[Captioned web image data]
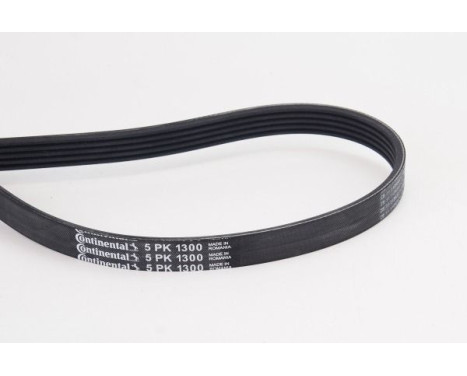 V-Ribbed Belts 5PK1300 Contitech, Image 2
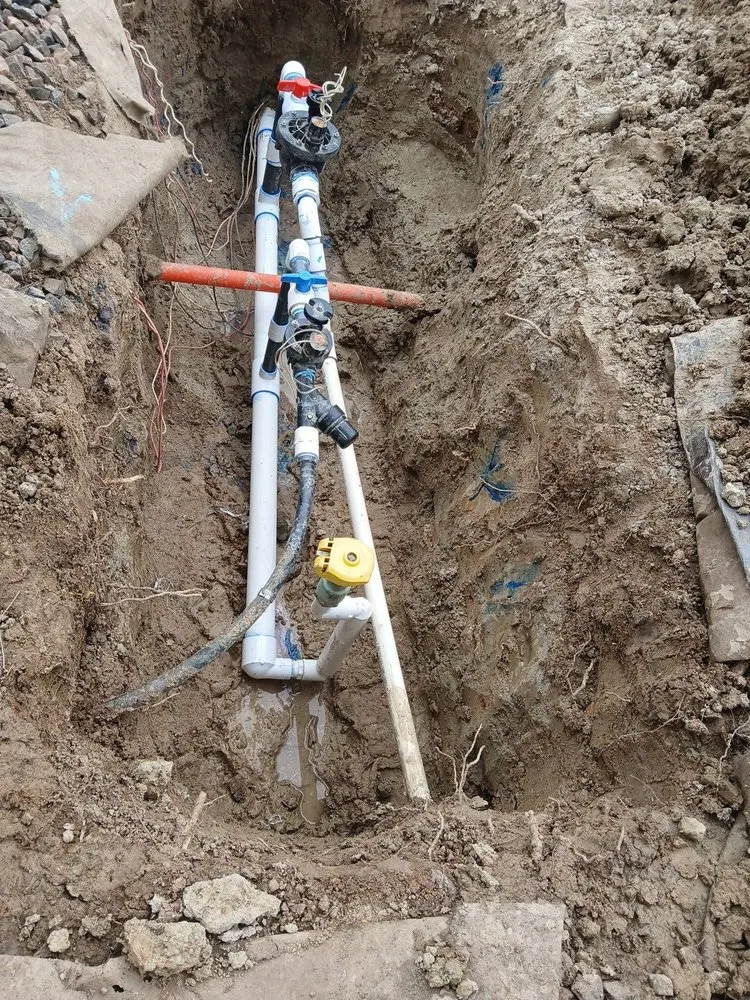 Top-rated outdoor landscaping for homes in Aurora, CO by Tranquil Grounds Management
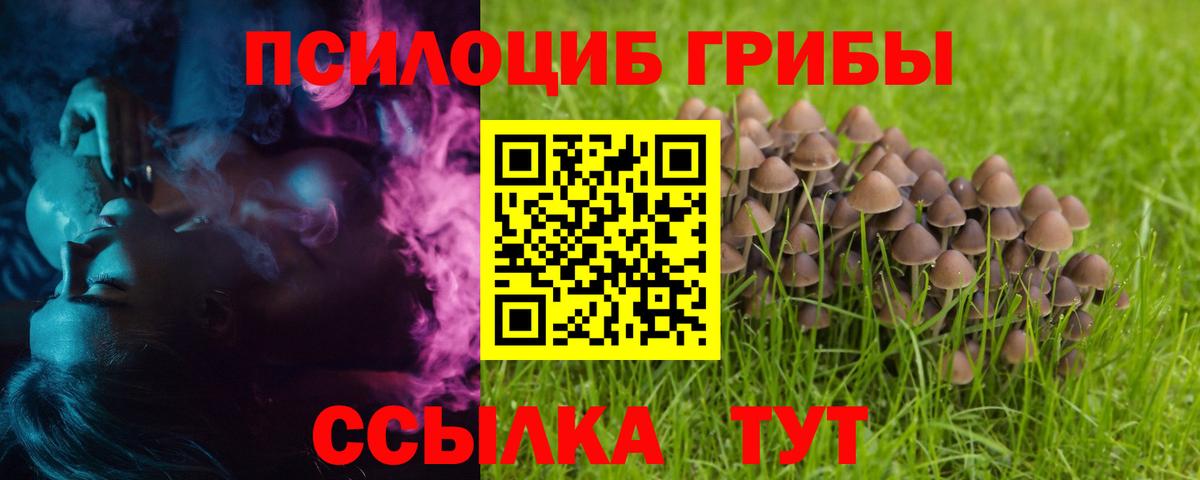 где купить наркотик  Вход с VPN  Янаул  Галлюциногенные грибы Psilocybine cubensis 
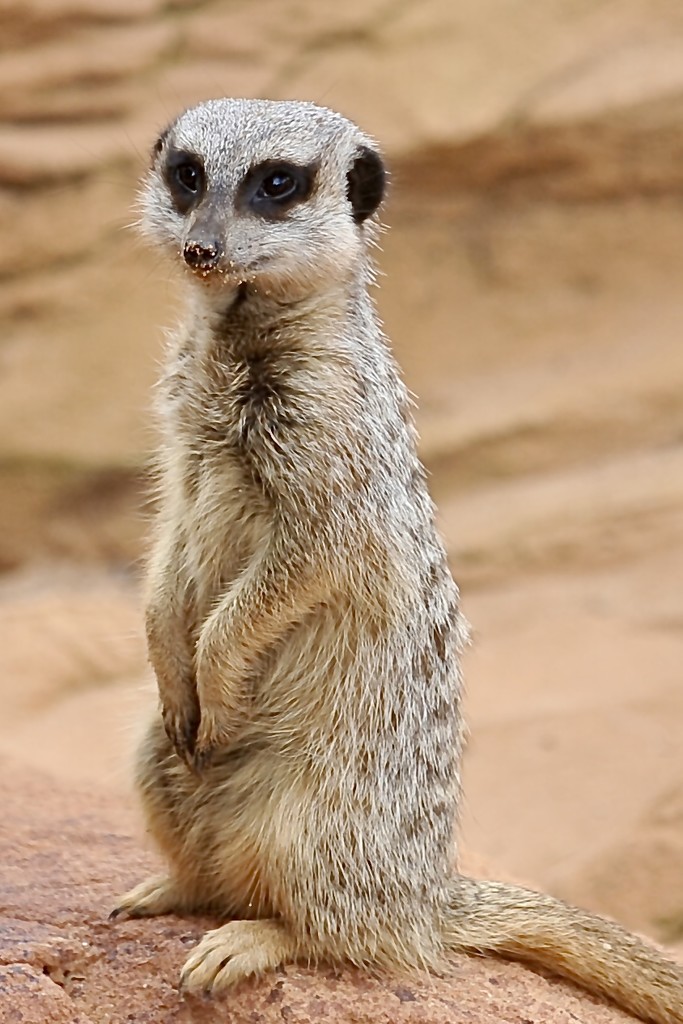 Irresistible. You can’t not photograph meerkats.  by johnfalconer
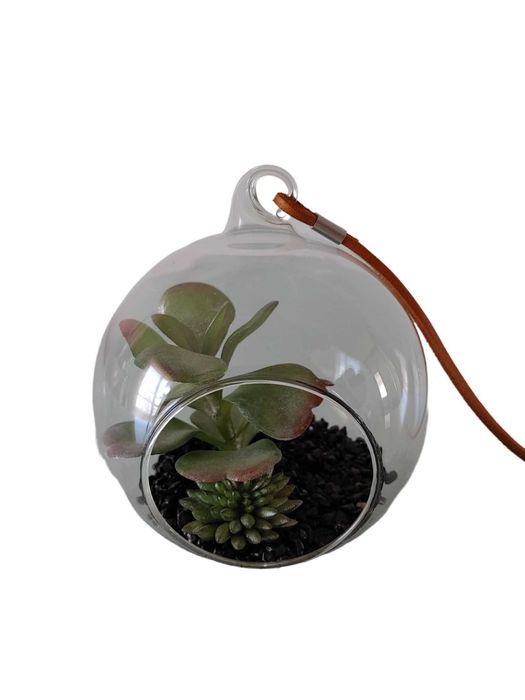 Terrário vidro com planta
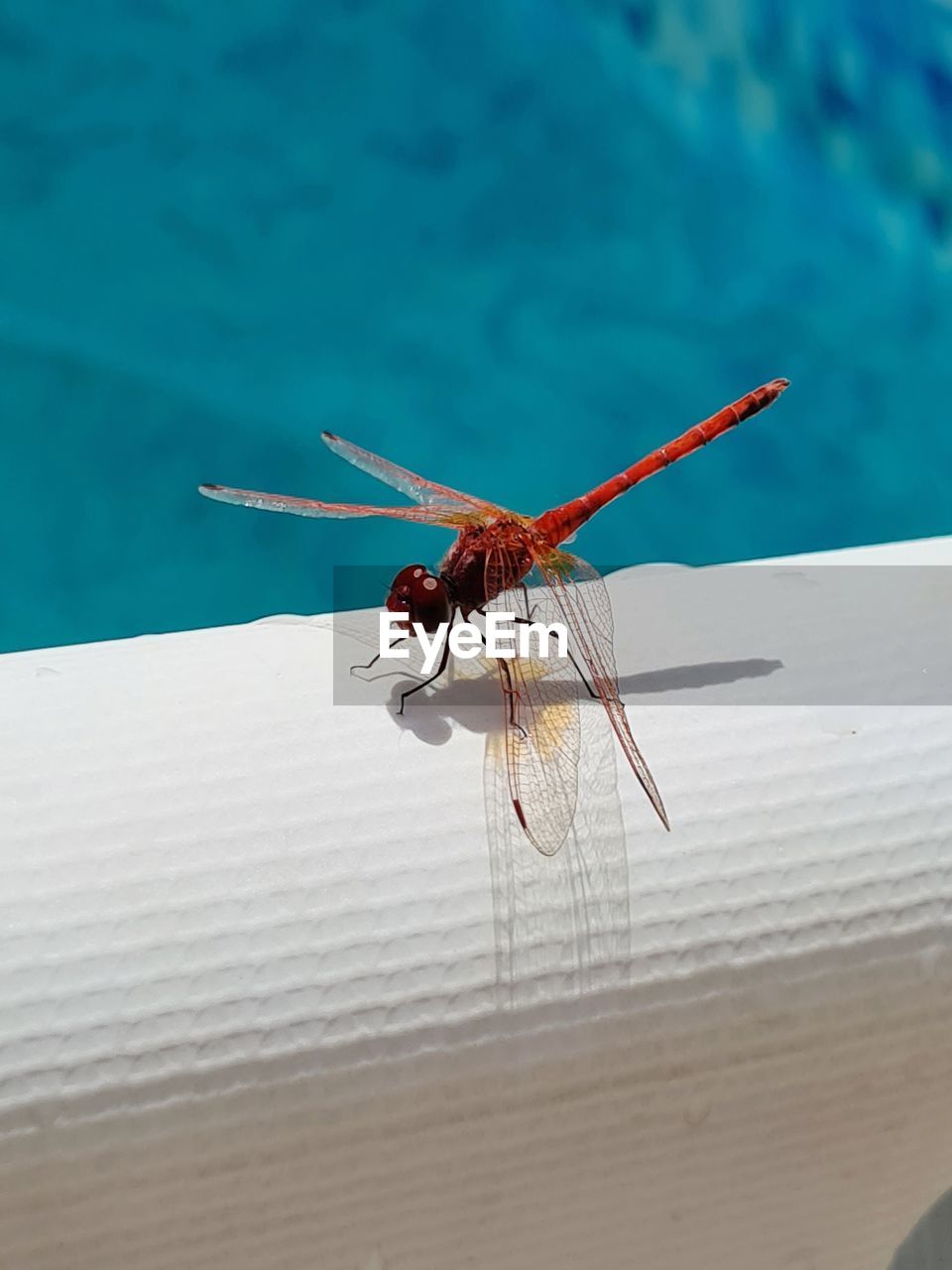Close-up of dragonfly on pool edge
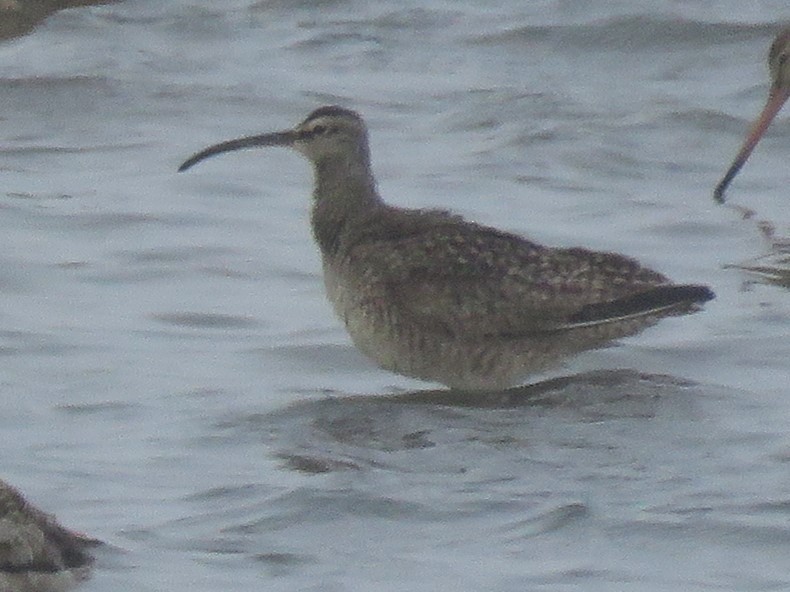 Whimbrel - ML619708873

Prompt
The entries above must be output exactly, with every image left out.

Reply
 V-Ribbed Belts 5PK1300 Contitech, Image 2
 Top-rated outdoor landscaping for homes in Aurora, CO by Tranquil Grounds Management
 где купить наркотик  Вход с VPN  Янаул  Галлюциногенные грибы Psilocybine cubensis 
 Irresistible. You can’t not photograph meerkats.  by johnfalconer
 Terrário vidro com planta
Close-up of dragonfly on pool edge
 Whimbrel - ML619708873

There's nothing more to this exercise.